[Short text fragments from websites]
_ _ _ _

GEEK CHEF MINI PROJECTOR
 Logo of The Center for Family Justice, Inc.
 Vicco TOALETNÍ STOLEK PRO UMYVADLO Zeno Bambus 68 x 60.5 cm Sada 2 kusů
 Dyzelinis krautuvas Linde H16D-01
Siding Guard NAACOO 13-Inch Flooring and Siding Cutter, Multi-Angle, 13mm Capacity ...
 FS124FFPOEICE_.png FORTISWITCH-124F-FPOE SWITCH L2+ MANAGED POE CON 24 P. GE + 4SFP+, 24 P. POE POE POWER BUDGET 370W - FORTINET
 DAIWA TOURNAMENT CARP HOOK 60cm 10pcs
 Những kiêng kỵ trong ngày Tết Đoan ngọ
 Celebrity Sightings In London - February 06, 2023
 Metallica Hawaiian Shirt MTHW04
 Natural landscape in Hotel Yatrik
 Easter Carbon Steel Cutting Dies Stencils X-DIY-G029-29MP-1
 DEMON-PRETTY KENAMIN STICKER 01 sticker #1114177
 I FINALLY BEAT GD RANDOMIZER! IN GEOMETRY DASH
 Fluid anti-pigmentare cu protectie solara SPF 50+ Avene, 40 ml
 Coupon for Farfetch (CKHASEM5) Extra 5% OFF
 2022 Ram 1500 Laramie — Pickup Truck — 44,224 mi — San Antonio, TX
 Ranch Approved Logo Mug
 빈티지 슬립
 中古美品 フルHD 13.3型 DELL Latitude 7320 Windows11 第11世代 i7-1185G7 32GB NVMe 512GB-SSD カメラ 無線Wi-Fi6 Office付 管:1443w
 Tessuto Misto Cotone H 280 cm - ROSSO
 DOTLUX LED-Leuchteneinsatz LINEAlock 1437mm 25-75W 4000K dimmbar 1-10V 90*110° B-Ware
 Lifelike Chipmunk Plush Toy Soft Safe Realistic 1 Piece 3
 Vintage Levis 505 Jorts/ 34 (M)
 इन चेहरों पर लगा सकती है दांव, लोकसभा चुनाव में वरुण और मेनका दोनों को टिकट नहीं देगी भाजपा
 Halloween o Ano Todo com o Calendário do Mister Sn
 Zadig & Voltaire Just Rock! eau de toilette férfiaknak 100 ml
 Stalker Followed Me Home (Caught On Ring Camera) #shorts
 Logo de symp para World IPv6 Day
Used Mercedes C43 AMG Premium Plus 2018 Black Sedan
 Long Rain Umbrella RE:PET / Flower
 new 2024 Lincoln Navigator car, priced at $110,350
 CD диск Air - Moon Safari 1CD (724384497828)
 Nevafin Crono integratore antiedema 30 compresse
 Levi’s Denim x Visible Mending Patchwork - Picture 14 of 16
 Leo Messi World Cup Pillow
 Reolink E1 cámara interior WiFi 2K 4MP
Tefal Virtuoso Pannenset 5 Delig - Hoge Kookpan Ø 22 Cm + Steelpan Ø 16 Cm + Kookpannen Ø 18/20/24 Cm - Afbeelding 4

_ _ _ _

Among the lines of the data, identify those with the word "Logo". Copy each of them.

 Logo of The Center for Family Justice, Inc.
 Ranch Approved Logo Mug
 Logo de symp para World IPv6 Day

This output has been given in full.